Privacy and deletion checklist
Privacy policy and account deletion should work in the app, not only in the document.
Google Play review looks at whether app behavior, Data safety answers, privacy policy, user data handling, and account deletion paths are aligned. Treat them as one launch workflow.
Privacy policy and account deletion issues often appear late in Android launch because teams treat them as paperwork. But these are product behaviors. If users can create accounts, if data is collected, if SDKs process events, or if deletion requests need support handling, the app needs a real implementation path.
Official source note: Google Play's account deletion requirements are documented in Play Console Help and the data deletion questions are part of the Data safety form. Review the current guidance before launch: Understanding Google Play's app account deletion requirements.
Privacy readiness

Quick answer
Privacy policy, Data safety, and deletion flows must agree with each other.
Before launch, confirm:
- Privacy policy URL is public and app-specific.

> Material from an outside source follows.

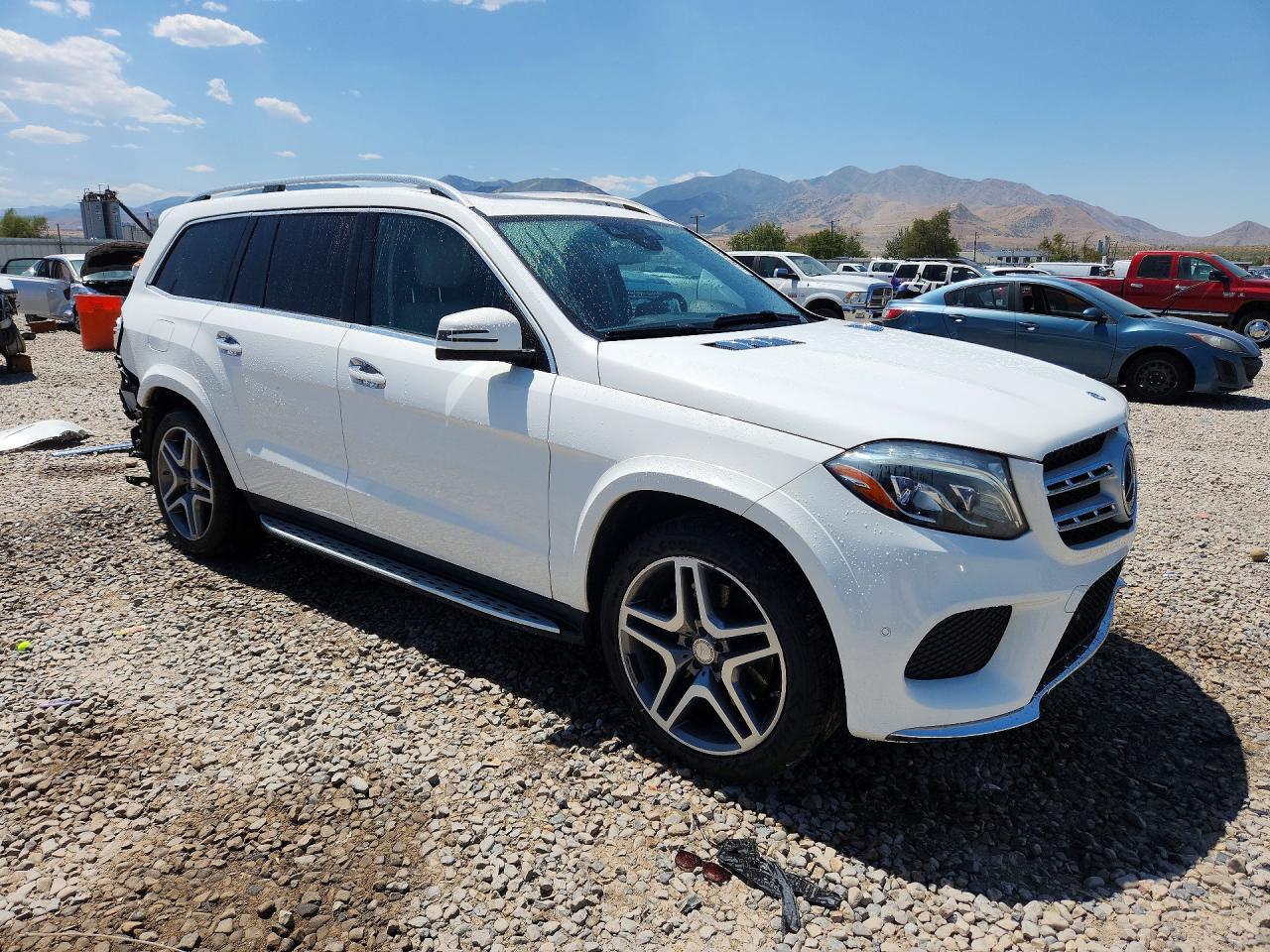 2017 MERCEDES-BENZ GLS 550 4MATIC — снимка 4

- App data inventory is complete.
- Data safety answers match app and SDK behavior.
- Account creation behavior is documented.
- Account deletion flow works if required.
- Data deletion request handling is assigned.
- Support team knows what to do with deletion requests.
- The handover includes policy owner, deletion owner, and change triggers.
Privacy and deletion checklist
Privacy readiness worksheet
| Area | Check | Owner |
|---|---|---|
| Privacy policy | Live URL, app name, company, contact, data categories | Business owner |
| Data safety | Collection, sharing, security, deletion answers | Product and developer |
| Account creation | Whether users can create accounts in app or web | Product |
| Deletion path | App or web path plus support process | Developer and support |
| SDKs | Analytics, ads, crash, payments, maps, chat | Developer |
| Handover | Who updates policy and declarations later | Owner |
Privacy policy readiness
A useful privacy policy should be understandable and specific enough for the app. It should not be a generic template pasted without product review.
Privacy policy checklist
- App name and company name are correct.
- Contact email is monitored.
- Data categories match app behavior.
- Third-party SDKs and service providers are reviewed.
- Retention and deletion handling are described accurately.
- Sensitive permissions are explained where relevant.
- Policy URL is accessible without login.
- Policy date and owner are documented.
Account deletion readiness
If users can create accounts, do not wait until review to design deletion. Decide:
- Where the user can request deletion.
- Whether deletion can happen inside the app, on the web, or both.
- What data is deleted, retained, or anonymized.
- How identity is verified before deletion.
- Who handles support requests.
- How long the process takes.
- How the Data safety form describes the flow.
This is both a compliance and operations issue. The support team needs a process, not only a URL.
Handover
Include these in the launch handover:
- Privacy policy URL and owner.
- Data inventory.
- SDK inventory.
- Data safety answers.
- Account deletion path.
- Support process for deletion requests.
- Trigger list for future privacy review.
- Legal or advisor review status, if used.
FAQ
Does every app need an account deletion URL?
It depends on whether users can create accounts and the current Google Play requirement for the app. Check the live Play Console guidance for your case.
Can I use a generic privacy policy generator?
A generated policy may be a starting point, but it must be reviewed against actual app behavior, SDKs, user data, and deletion flow.
Who should approve privacy and deletion answers?
The app owner should approve final answers. Developers can provide the technical data inventory, and legal/privacy advisors can review wording where needed.
Can Shinka implement the deletion flow?
Shinka can help scope and implement the technical workflow, prepare Data safety notes, and document support handover. Legal obligations should be reviewed by the owner or advisor.